The weeks I spent in Goma reflected the insane duality that is the Congo. I met activists, doctors, nurses, NGO workers, leaders, filled with determination and hope, working non-stop, to save lives, heal trauma and provide the most basic resources. At the same time, despair lingered around the borders as rebel leader Laurent Nkunda's troops pillaged, killed, and raped, 16 kilometers away.
Now that I have returned to the US, and there is full scale war with Nkunda's troops threatening to take Goma, I receive emails and calls by the minute from people on the ground who have been rendered speechless and thrown into despair. Where is the world? they ask me. Why is no one coming to defend us? I wonder: What stops the world from intervening on behalf of the people of the Congo?
12 years later, 5.4 million are dead, over 300,000 raped. What about this conflict doesn't move the world to action? Is it that the Congolese people no longer exist in our imagination, since they were decimated by the colonialism and brutality of King Leopold of Belgium? Is it that the vast resources of the Congo--coltan for our cell phones, for example--are all that the West is paying attention to? Is it simply racism--that unless white people are involved in the conflict the world does not intervene?

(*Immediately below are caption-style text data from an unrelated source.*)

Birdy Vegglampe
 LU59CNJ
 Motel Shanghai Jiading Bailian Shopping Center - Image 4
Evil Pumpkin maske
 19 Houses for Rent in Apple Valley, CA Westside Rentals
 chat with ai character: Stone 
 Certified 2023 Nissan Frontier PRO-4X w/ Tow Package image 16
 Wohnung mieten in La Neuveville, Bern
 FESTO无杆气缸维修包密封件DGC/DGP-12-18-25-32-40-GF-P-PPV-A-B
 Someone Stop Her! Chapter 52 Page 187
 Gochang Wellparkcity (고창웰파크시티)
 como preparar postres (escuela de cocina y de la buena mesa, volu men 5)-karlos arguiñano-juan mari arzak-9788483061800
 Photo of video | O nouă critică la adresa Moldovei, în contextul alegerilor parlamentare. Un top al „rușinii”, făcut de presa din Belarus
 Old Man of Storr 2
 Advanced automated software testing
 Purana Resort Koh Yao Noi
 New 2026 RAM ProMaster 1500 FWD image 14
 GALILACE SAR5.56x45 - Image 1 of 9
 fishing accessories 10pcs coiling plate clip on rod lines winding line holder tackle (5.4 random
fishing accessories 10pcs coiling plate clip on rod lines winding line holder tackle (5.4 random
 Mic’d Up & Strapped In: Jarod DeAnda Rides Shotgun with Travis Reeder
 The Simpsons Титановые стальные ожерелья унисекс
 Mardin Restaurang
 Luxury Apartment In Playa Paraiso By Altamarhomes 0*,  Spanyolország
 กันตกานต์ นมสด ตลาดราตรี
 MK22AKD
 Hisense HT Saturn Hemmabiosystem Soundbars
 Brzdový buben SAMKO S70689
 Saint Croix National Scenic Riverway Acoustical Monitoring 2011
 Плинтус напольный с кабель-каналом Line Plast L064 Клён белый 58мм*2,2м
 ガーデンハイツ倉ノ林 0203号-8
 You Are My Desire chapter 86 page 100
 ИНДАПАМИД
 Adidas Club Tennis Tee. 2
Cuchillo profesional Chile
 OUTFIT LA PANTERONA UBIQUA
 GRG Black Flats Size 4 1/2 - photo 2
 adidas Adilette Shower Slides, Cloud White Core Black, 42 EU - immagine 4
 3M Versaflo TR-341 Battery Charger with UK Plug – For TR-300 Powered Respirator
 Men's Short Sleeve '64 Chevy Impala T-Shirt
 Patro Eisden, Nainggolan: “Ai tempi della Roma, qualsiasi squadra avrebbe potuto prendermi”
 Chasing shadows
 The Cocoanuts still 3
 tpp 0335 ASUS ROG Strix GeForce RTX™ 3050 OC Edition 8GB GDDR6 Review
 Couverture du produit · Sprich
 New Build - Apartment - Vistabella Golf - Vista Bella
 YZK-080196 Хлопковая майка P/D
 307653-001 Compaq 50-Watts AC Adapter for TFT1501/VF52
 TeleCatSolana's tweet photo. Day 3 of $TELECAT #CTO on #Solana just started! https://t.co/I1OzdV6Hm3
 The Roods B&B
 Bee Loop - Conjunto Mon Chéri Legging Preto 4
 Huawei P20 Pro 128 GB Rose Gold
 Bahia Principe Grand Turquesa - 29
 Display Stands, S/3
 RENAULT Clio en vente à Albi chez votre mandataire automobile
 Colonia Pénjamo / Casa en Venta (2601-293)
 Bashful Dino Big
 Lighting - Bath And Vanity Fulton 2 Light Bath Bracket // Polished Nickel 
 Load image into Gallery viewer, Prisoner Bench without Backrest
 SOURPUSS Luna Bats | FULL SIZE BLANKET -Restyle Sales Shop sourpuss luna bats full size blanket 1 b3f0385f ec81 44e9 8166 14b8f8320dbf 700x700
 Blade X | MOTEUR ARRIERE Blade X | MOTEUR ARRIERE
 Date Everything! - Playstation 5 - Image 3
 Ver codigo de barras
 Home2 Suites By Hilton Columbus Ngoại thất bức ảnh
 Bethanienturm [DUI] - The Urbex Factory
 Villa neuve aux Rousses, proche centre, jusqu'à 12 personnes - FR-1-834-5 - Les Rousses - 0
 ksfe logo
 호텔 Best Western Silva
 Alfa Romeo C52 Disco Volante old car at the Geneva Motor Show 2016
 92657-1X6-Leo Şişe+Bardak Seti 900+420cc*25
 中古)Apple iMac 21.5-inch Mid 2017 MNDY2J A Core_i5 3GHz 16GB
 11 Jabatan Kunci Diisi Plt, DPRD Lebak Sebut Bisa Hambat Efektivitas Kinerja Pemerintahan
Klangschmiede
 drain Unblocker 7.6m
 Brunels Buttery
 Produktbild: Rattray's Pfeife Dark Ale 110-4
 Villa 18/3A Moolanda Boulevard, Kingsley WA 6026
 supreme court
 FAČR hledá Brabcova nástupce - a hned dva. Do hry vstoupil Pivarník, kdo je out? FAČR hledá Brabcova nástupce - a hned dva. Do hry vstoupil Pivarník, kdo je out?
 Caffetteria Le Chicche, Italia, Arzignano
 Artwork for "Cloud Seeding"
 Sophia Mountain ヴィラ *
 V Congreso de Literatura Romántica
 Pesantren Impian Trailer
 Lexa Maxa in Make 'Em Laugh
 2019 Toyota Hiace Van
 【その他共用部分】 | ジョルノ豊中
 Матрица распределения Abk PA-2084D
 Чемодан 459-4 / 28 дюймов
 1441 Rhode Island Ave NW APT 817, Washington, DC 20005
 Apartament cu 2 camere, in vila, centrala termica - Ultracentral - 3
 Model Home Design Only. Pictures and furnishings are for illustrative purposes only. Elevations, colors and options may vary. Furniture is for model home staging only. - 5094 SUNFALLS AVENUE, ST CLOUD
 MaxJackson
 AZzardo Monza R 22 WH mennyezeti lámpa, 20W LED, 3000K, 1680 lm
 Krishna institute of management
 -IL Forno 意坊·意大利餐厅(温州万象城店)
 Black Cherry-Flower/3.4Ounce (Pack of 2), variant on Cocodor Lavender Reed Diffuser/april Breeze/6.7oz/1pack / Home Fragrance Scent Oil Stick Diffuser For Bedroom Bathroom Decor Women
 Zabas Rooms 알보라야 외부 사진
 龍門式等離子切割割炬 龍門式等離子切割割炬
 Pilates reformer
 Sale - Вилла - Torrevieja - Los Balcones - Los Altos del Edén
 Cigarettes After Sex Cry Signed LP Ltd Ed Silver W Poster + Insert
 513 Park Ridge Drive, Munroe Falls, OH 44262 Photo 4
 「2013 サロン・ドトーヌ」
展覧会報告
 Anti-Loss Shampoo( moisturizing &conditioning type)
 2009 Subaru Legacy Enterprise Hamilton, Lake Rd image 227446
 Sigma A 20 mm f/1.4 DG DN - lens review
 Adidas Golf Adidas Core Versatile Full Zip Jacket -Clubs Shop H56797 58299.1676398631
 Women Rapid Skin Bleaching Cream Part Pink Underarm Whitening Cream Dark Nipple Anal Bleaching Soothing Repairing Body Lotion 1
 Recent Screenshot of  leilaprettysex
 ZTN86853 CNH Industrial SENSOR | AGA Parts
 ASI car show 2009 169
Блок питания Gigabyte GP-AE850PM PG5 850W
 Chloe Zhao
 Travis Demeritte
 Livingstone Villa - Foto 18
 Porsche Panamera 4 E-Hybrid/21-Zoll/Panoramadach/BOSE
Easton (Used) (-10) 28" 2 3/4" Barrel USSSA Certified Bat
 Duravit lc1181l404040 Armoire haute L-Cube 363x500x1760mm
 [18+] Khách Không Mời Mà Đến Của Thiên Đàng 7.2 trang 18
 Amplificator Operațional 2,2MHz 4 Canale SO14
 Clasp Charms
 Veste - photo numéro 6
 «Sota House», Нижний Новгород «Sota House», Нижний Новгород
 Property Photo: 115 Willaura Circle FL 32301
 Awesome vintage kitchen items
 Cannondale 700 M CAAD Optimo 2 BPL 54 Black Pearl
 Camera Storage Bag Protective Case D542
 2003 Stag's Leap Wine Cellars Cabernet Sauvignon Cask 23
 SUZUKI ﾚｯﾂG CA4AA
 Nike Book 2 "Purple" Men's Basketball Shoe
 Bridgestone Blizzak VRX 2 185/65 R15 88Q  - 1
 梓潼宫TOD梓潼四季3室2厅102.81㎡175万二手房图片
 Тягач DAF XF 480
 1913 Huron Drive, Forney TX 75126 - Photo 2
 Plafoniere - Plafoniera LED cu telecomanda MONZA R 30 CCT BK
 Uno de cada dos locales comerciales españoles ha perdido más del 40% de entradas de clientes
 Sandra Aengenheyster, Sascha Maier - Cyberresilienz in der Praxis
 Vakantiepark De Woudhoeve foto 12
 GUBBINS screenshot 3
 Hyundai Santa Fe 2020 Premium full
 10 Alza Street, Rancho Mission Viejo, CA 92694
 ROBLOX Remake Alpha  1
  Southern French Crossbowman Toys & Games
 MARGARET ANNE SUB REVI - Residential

Or, is it because so much of this war is being waged on the bodies, genitals and reproductive organs of women and that the world still does not give a damn about women?
Right now, in America, we are living in the center of a potential paradigm shift. A definite, burgeoning movement. A time of Hope. With the upcoming elections, we could redefine America's standing in the world by enacting foreign policy that is based on the universal understanding that we are all interconnected. That the rape of an eight-year-old-girl in Congo is akin to the rape of an eight-year-old girl in Chicago or Phoenix. We use the words and slogans "Never again" and "Not on our watch", but right now thousands are being displaced, raped, murdered in Eastern DRC.
"The Responsibility to Protect" requires that we, as the international community, particularly America, intervene where governments cannot protect their own people, demand that more UN peacekeeping troops are deployed and seriously focused on the mission of protection. Where the world sees to it that leaders are brought to the negotiating table to find solutions to the conflict so that the people of Congo are no longer pawns in this economic and ethnic battle. Where the world delivers plentiful resources to Congolese women and girls, who have survived the unthinkable.
The Congo is the heart of Africa and Africa is the heart of the world. Right now Eastern Congo is about to spin out of control and tumble into full-scale war. Let the DRC be the place where the paradigm actually shifts. Where we usher in a time of Hope. We have to do more than we have ever done before. The time to act is now.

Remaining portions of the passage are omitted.